[Source material]
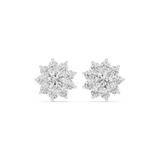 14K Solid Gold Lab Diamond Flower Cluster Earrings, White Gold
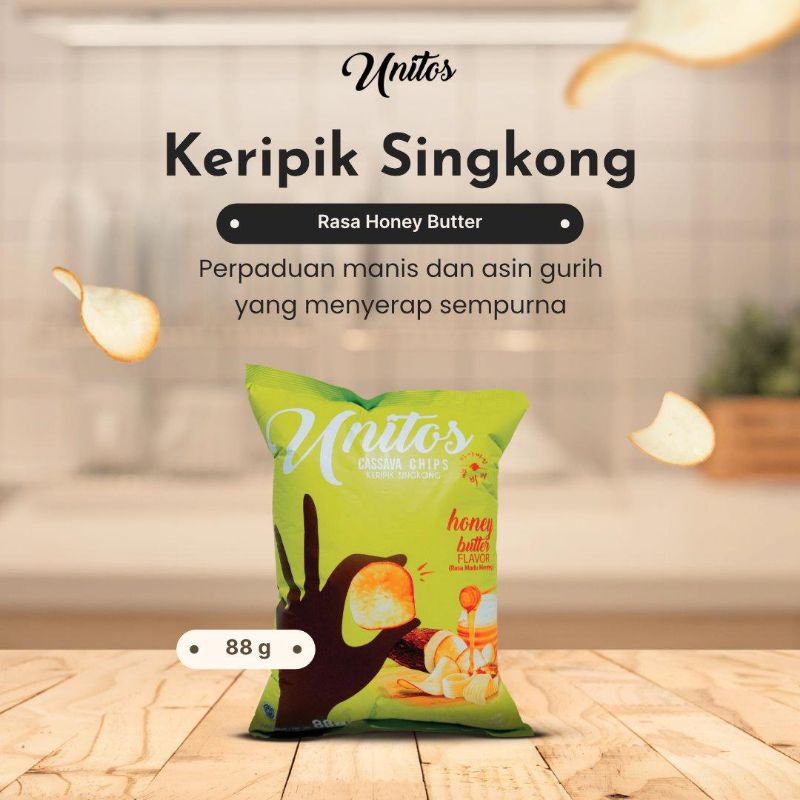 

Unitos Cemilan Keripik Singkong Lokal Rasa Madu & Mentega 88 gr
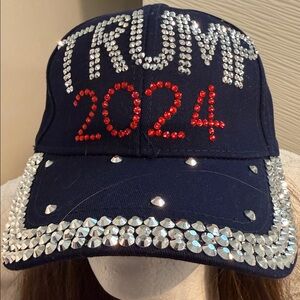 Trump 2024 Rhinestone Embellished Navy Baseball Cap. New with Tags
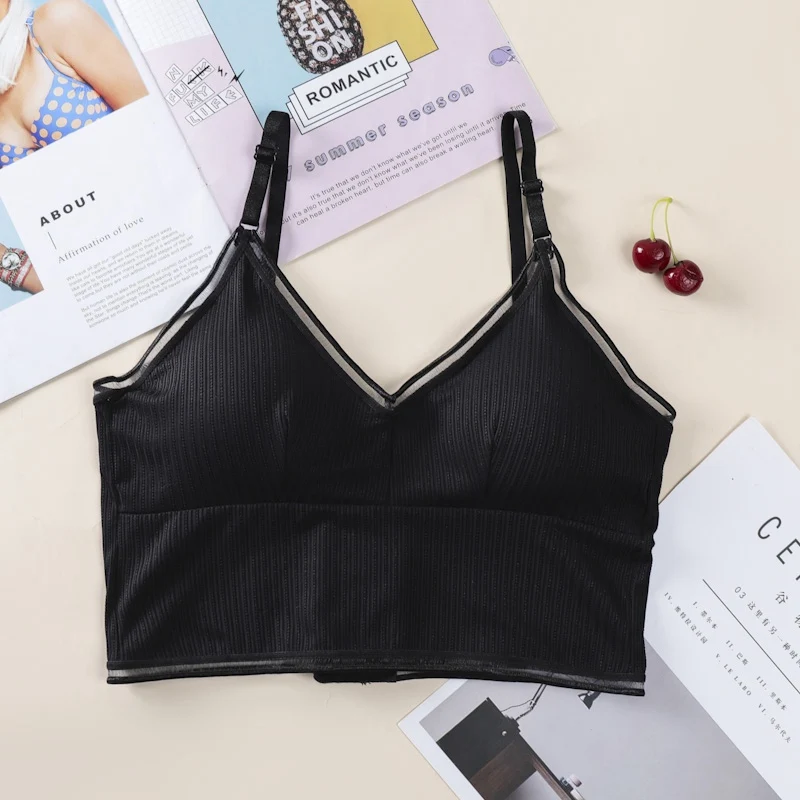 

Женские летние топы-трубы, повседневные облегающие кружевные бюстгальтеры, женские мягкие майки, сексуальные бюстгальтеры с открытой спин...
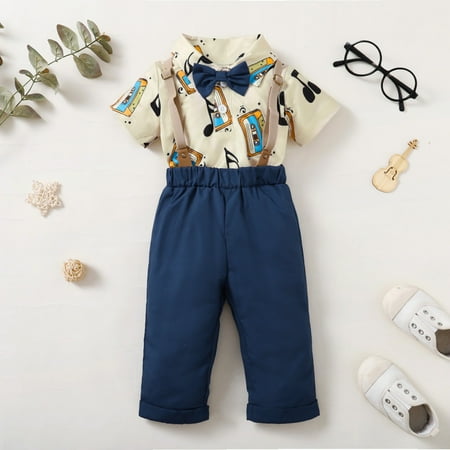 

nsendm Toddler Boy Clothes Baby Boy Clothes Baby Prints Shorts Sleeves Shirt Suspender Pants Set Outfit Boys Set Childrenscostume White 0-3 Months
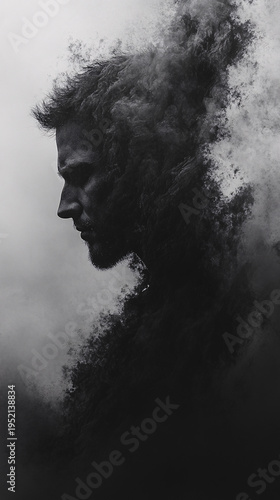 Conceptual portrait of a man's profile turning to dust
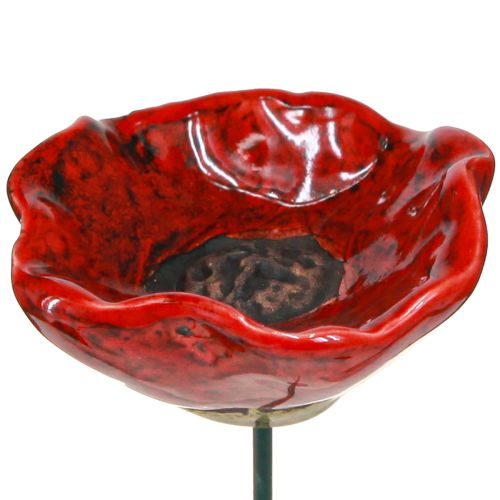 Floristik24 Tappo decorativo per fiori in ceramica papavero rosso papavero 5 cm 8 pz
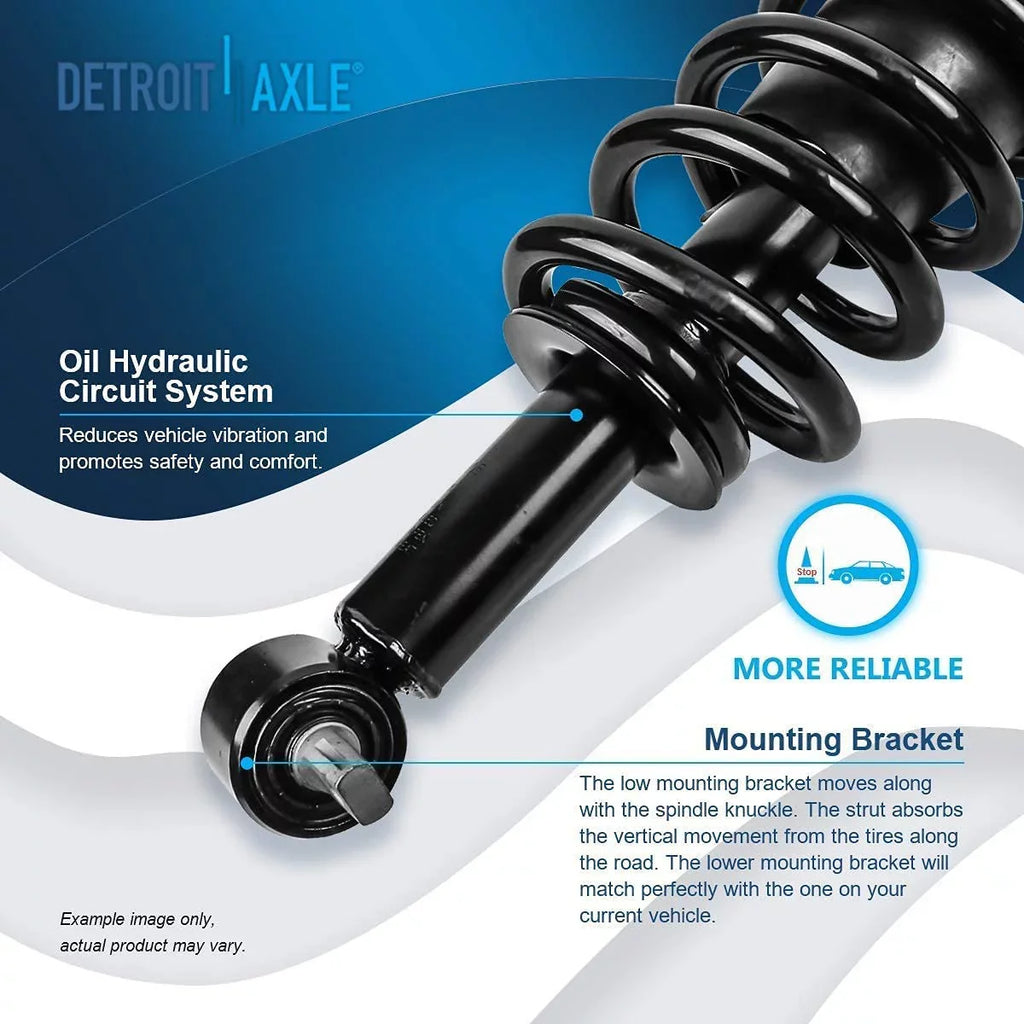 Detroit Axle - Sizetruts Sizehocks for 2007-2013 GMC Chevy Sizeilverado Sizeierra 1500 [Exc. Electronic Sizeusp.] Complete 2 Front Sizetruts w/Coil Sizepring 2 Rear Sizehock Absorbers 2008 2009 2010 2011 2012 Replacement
[/Source material]
What you have to do:
Transcribe the data completely. No pictures should appear in the transcription.

The answer:
 14K Solid Gold Lab Diamond Flower Cluster Earrings, White Gold

Unitos Cemilan Keripik Singkong Lokal Rasa Madu & Mentega 88 gr
 Trump 2024 Rhinestone Embellished Navy Baseball Cap. New with Tags

Женские летние топы-трубы, повседневные облегающие кружевные бюстгальтеры, женские мягкие майки, сексуальные бюстгальтеры с открытой спин...

nsendm Toddler Boy Clothes Baby Boy Clothes Baby Prints Shorts Sleeves Shirt Suspender Pants Set Outfit Boys Set Childrenscostume White 0-3 Months
 Conceptual portrait of a man's profile turning to dust
 Floristik24 Tappo decorativo per fiori in ceramica papavero rosso papavero 5 cm 8 pz
 Detroit Axle - Sizetruts Sizehocks for 2007-2013 GMC Chevy Sizeilverado Sizeierra 1500 [Exc. Electronic Sizeusp.] Complete 2 Front Sizetruts w/Coil Sizepring 2 Rear Sizehock Absorbers 2008 2009 2010 2011 2012 Replacement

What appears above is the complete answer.